WORK INSTRUCTIONS
Return each line of the data below verbatim; pictures are to be left out.

Image-text web data
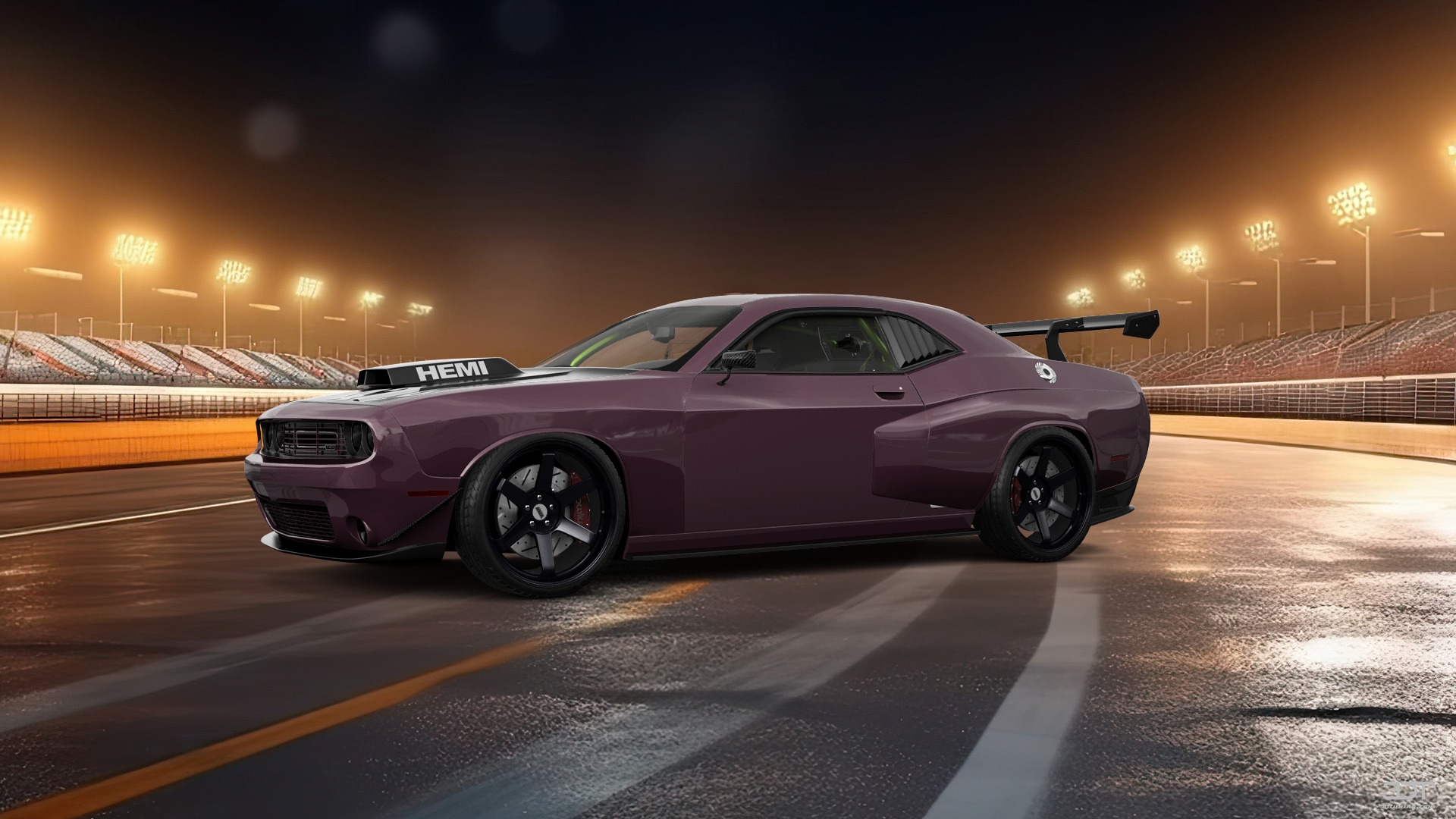 Dodge Challenger 2 Door Coupe 2015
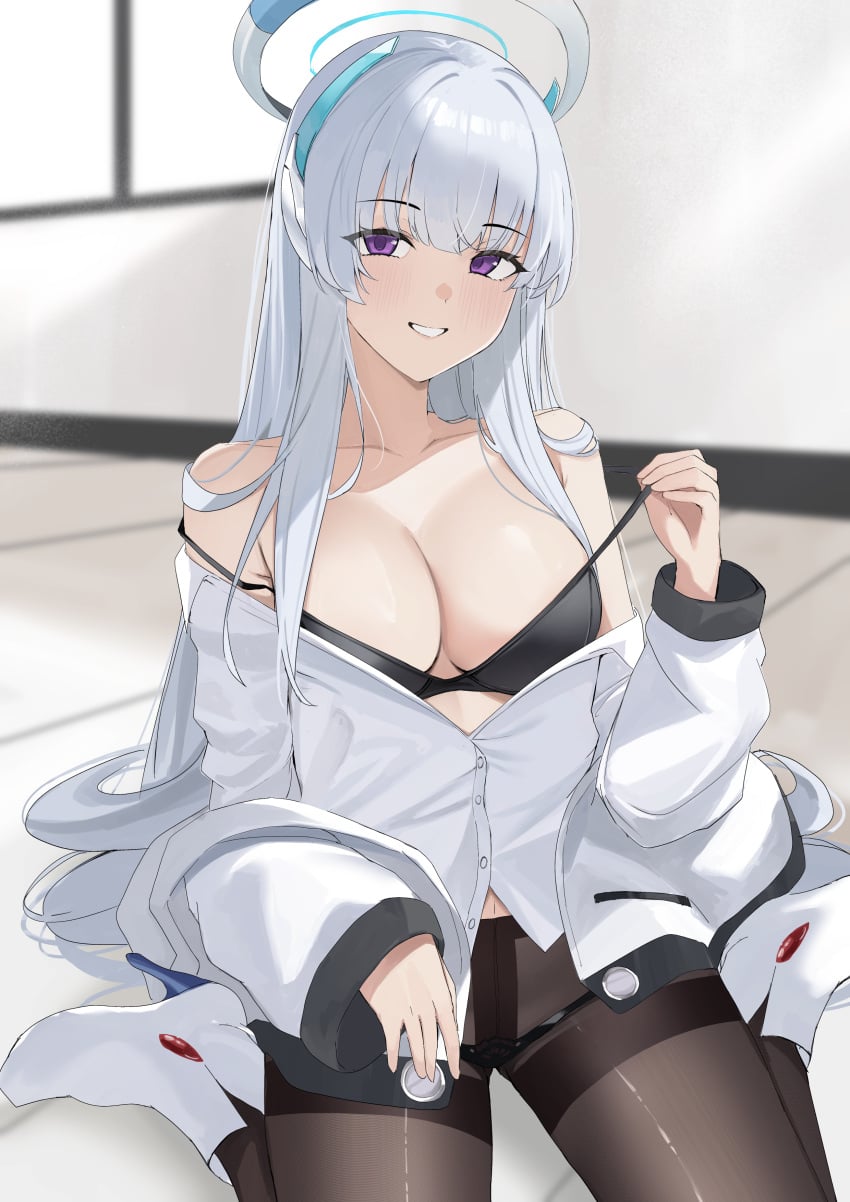 Noa (Blue Archive) Rule 34 Image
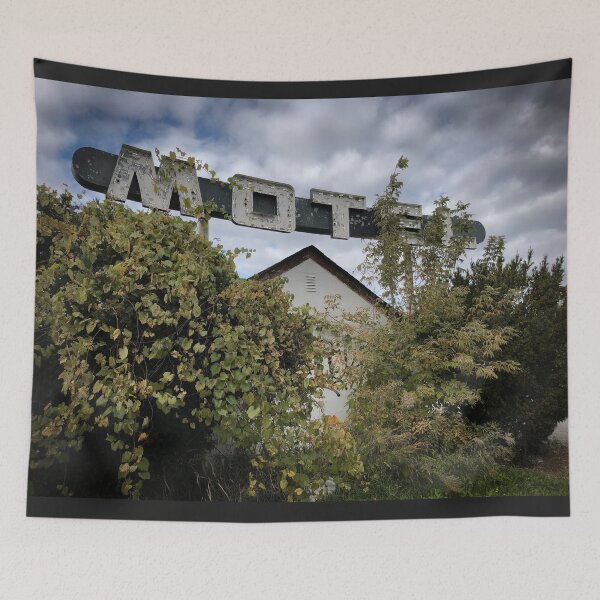 Item preview, Motel designed and sold by lghtwrkr.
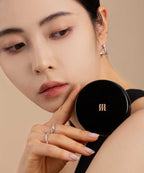 MERZY MERZY The Airy Thin Cover Cushion (3 types)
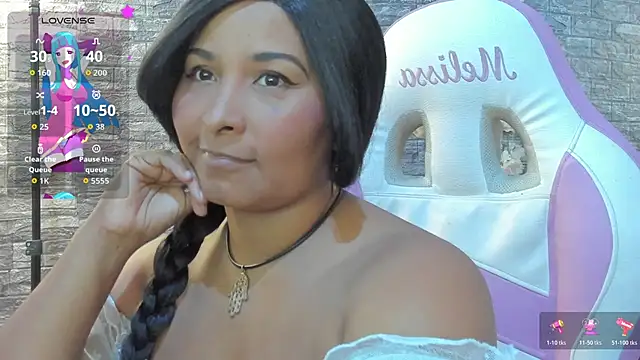 paola ih online show from April 10, 8:02 pm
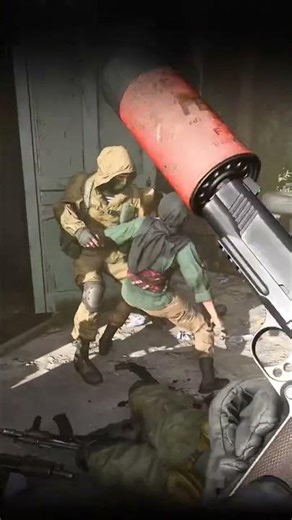 No One Gets a Second Chance 💀 | #COD #Shorts #Gaming”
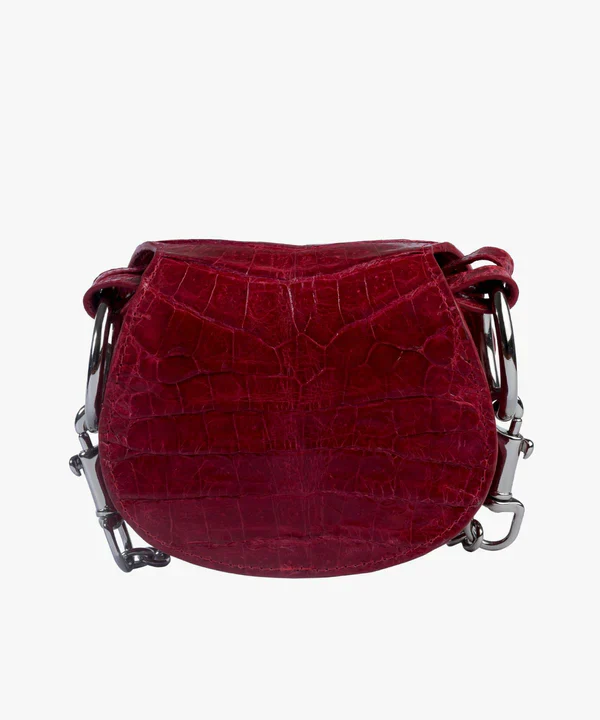 La Morenita Crocodile Big Red - Image 3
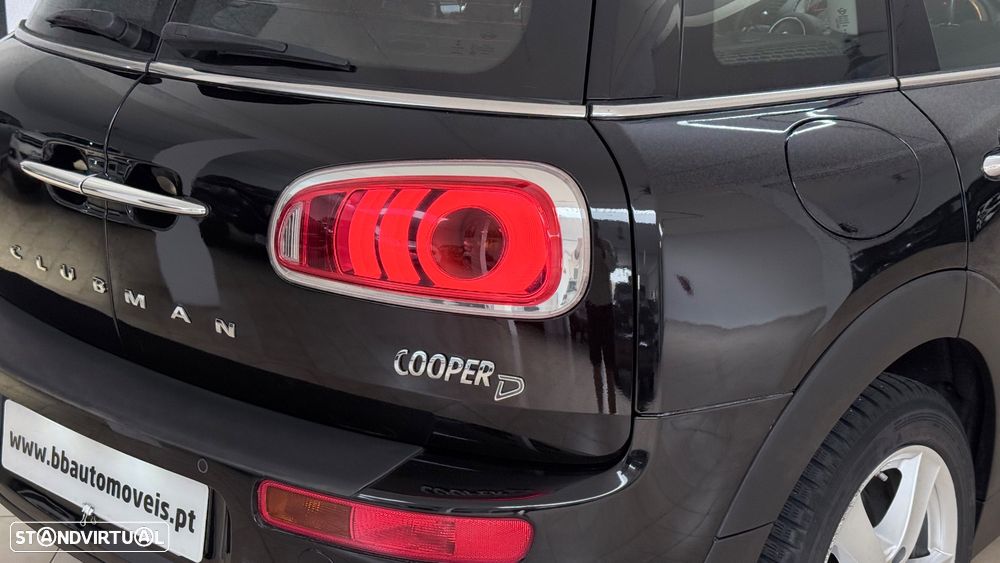 MINI Clubman Cooper D Aut. - 25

FINISHED EXERCISE
 Dodge Challenger 2 Door Coupe 2015
 Noa (Blue Archive) Rule 34 Image
 Item preview, Motel designed and sold by lghtwrkr.
 MERZY MERZY The Airy Thin Cover Cushion (3 types)
 paola ih online show from April 10, 8:02 pm
 No One Gets a Second Chance 💀 | #COD #Shorts #Gaming”
 La Morenita Crocodile Big Red - Image 3
 MINI Clubman Cooper D Aut. - 25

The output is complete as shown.